Brief. Copy out the line containing "Christina Haack'in mermer" and each line after it, through the last one in the material, exactly as written.

Working data.
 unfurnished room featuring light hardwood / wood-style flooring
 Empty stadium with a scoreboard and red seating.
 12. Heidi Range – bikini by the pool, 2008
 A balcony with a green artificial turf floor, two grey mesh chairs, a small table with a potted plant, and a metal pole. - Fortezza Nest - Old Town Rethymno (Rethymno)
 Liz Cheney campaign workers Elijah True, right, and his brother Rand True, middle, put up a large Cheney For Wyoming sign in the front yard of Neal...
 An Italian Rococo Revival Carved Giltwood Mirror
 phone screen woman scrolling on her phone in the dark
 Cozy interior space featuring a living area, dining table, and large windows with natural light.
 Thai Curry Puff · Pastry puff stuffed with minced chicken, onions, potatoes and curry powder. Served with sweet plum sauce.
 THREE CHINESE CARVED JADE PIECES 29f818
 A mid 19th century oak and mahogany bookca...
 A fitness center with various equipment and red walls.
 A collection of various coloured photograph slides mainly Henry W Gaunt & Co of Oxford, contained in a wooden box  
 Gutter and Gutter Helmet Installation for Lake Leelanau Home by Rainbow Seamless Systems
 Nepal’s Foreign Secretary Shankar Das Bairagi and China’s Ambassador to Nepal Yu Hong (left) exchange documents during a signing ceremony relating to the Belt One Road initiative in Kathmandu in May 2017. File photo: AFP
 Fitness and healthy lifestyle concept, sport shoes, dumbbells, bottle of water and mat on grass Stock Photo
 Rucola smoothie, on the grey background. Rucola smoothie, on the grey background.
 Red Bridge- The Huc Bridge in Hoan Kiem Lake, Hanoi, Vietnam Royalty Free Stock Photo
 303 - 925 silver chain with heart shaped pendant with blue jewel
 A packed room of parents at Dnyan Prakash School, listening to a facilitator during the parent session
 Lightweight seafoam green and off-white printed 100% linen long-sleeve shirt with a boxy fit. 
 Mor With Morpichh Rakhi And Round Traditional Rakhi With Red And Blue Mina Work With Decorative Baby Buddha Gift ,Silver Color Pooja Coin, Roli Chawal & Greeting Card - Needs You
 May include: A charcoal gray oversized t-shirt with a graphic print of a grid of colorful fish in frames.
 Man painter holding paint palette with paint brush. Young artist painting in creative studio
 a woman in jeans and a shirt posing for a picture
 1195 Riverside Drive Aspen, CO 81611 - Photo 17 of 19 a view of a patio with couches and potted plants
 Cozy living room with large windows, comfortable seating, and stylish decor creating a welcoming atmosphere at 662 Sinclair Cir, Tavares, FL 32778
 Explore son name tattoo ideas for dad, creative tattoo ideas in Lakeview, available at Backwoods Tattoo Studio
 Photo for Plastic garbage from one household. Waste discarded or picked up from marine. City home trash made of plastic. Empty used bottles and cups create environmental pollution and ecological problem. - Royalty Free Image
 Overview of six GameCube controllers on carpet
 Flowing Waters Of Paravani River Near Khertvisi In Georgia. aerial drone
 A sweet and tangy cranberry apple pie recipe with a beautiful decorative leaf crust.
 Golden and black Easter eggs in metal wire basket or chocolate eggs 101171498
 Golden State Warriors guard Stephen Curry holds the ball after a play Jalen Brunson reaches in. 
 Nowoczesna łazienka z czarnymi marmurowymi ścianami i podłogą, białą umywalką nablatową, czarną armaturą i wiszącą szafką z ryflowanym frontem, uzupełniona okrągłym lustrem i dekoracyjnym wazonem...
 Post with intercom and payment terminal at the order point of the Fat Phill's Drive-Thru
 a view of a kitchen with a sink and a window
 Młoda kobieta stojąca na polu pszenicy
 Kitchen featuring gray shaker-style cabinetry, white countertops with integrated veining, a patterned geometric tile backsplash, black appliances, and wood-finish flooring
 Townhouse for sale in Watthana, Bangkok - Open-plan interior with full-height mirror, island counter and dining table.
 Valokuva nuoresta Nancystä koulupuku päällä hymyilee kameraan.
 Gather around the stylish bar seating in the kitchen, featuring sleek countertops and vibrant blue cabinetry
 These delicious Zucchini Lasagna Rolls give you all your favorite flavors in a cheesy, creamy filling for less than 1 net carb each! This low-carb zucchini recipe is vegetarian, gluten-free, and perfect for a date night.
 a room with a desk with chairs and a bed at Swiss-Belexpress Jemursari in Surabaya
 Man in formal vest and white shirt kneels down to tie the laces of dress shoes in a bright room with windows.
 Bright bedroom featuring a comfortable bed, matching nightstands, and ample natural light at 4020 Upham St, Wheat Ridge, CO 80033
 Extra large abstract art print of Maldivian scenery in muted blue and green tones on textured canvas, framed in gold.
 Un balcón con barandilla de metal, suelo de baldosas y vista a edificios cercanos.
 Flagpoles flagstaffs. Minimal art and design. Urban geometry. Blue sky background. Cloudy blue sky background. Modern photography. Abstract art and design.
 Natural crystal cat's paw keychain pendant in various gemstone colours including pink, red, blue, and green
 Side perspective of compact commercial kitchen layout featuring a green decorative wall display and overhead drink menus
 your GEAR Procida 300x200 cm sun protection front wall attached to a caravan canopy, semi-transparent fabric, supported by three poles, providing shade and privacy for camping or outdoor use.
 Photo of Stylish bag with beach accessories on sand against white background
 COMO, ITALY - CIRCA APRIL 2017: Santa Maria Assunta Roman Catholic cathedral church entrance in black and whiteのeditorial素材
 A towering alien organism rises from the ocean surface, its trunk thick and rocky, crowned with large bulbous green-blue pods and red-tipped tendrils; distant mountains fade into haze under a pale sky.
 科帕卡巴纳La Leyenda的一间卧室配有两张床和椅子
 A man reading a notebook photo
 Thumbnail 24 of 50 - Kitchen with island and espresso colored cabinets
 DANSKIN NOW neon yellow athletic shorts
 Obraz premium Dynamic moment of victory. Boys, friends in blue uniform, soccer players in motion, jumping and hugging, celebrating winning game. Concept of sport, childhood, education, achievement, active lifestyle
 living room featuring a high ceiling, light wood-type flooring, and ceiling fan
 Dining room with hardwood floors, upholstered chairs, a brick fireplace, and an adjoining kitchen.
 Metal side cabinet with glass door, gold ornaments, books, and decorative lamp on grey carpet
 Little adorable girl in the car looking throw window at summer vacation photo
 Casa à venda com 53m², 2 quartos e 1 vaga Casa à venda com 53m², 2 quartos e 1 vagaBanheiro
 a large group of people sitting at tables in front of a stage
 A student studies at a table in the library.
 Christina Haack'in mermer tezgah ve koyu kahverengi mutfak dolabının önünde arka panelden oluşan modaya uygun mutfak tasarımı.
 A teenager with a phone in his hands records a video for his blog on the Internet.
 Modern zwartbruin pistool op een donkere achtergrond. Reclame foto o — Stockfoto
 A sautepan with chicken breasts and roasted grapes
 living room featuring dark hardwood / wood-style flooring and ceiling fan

Exercise result.
 Christina Haack'in mermer tezgah ve koyu kahverengi mutfak dolabının önünde arka panelden oluşan modaya uygun mutfak tasarımı.
 A teenager with a phone in his hands records a video for his blog on the Internet.
 Modern zwartbruin pistool op een donkere achtergrond. Reclame foto o — Stockfoto
 A sautepan with chicken breasts and roasted grapes
 living room featuring dark hardwood / wood-style flooring and ceiling fan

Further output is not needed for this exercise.